→ **YOUR OBJECTIVE**
Excluding every picture, print exactly the lines from the one containing "지난 10일 오후 서울" through the end of the material below, both ends included.

MATERIAL PROVIDED Block Start

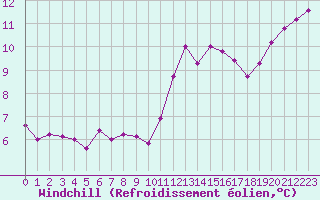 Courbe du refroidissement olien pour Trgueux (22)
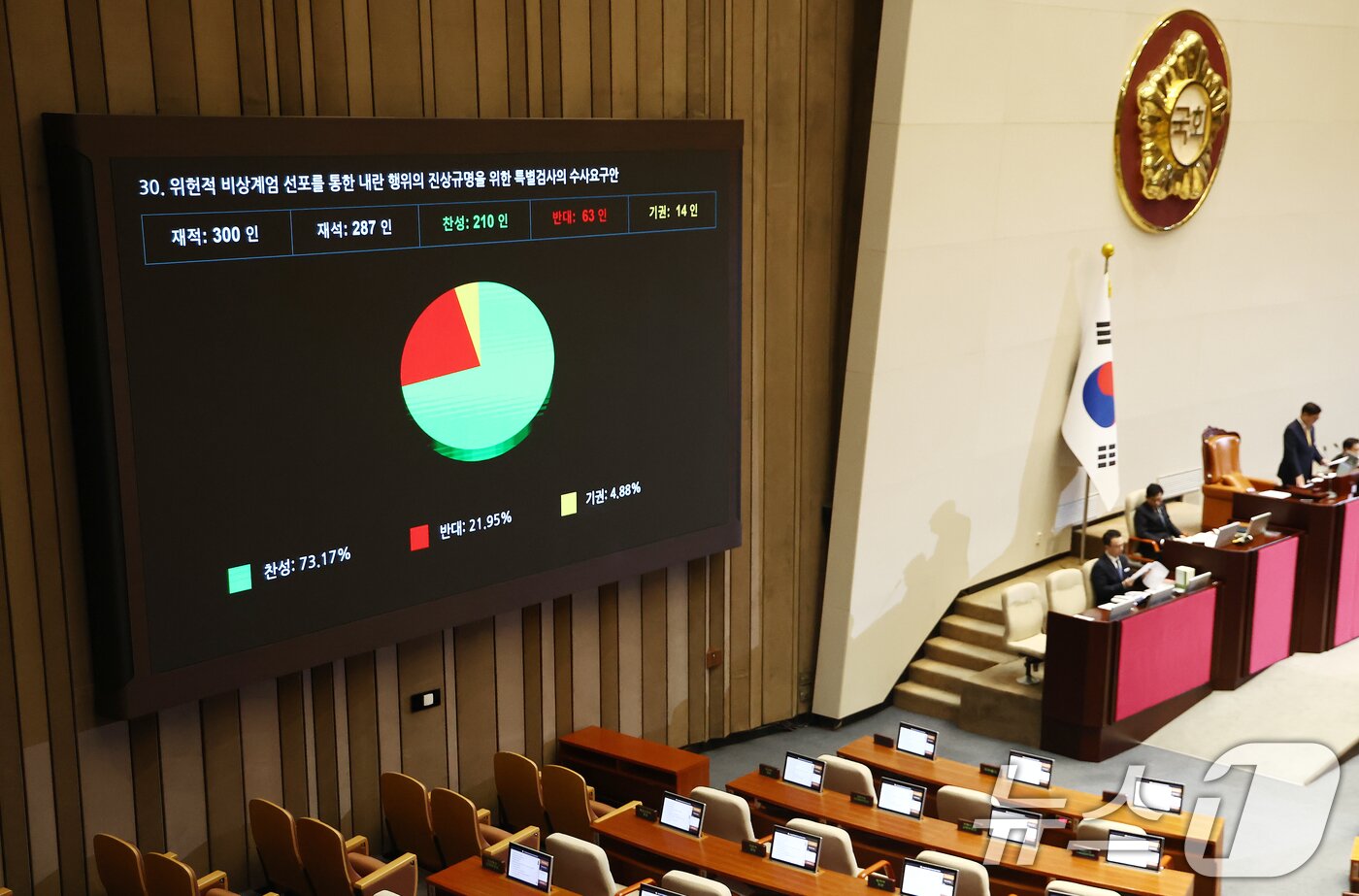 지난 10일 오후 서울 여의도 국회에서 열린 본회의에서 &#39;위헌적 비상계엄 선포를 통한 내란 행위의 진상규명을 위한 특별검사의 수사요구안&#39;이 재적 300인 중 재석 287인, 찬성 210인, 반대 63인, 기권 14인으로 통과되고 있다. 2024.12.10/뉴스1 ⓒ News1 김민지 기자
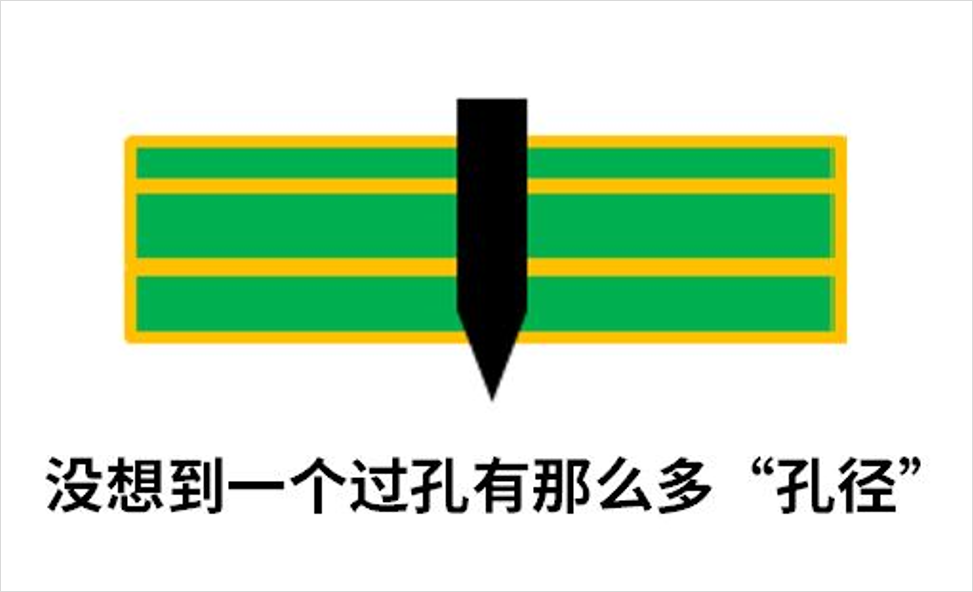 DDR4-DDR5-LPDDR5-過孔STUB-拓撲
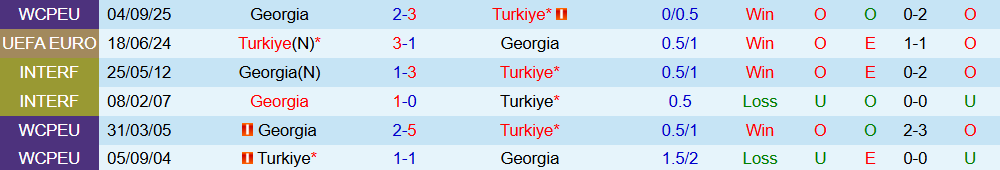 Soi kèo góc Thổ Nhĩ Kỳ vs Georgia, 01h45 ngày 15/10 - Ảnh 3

MATERIAL PROVIDED Block End

→ **RESPONSE TO THE TASK**
 지난 10일 오후 서울 여의도 국회에서 열린 본회의에서 &#39;위헌적 비상계엄 선포를 통한 내란 행위의 진상규명을 위한 특별검사의 수사요구안&#39;이 재적 300인 중 재석 287인, 찬성 210인, 반대 63인, 기권 14인으로 통과되고 있다. 2024.12.10/뉴스1 ⓒ News1 김민지 기자
 DDR4-DDR5-LPDDR5-過孔STUB-拓撲
 Soi kèo góc Thổ Nhĩ Kỳ vs Georgia, 01h45 ngày 15/10 - Ảnh 3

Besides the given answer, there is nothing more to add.